Paul Hawken – The ecology of commerce

This book landed in my hands thanks to my condo neighbour and I am really grateful for the loan because it was such a great read! I would totally recommend this essay, which is accessible and solutions-oriented. No wonder it was a best-seller since it 1st publication in 1993. I would like to mention some of Paul Hawken’s ideas that I particularly liked.

One of the most important is that our markets are imperfect in that they fail to reflect the real costs of products and services. Why? Because real costs include all the externalities linked to them. These externalities can affect biodiversity, the quality of water, the preservation of ancient cultures, people’s health, air pollution etc… All the actions undertaken to “repair” those negative consequences have costs.

Because the costs of these “negative externalities” are difficult to take into account and because industrials don’t pay for them, our markets are fundamentally flawed.

As good “homo-economicus”, looking for the cheapest option is the basis of our purchasing behaviour. Unfortunately, today, the cheaper options are also the ones that bring about a cheap environment, cheap human rights, and a cheap world. This is true for all the goods we consume, from the 10-dollar H&M T-shirt made in Rana Plaza, to the cheap chicken wings hardly made of “chicken”.

Back to topic: how do we concretely include the price of negative externalities into our products?

As far as the environment is concerned, Hawken advocates for a solution that appears simple (at least conceptually): green taxes.

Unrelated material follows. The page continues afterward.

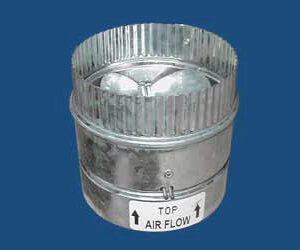 4" Backdraft Damper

If polluting industries were taxed according to the environmental damages that they cause, the prices of their products would automatically be higher to include the costs of the taxes. Meanwhile, companies selling the same product that does not harm the environment would be more attractive to final customers. Their prices would have a competitive advantage (their lower cost).

“We must design a marketplace that obviates acts of environmental destruction by making them expensive and rewards restorative acts by bringing them within our means”.

The concept of green taxes is at the core of the “restorative economy” that Hawken is defending. Interestingly, he distinguishes two types of costs that would have to be taken into account: the “actual damage” caused by a company to the environment or to people; and the damages to future generations, which are more difficult to take into consideration but equally important.

In my opinion, that solution would bear a lot of potential. In a world where politics cared.

Regardless of political decisions, we as consumers will always have the power to make choices through our consumption habits. Hawken says:

“… the cash register is the daily voting booth in democratic capitalism”

I am skeptical about governments’ will to change things.
I am skeptical about traditional big companies’ will to do good. But I am definitely optimistic about people’s ability to make sensible purchasing decisions, provided they are informed.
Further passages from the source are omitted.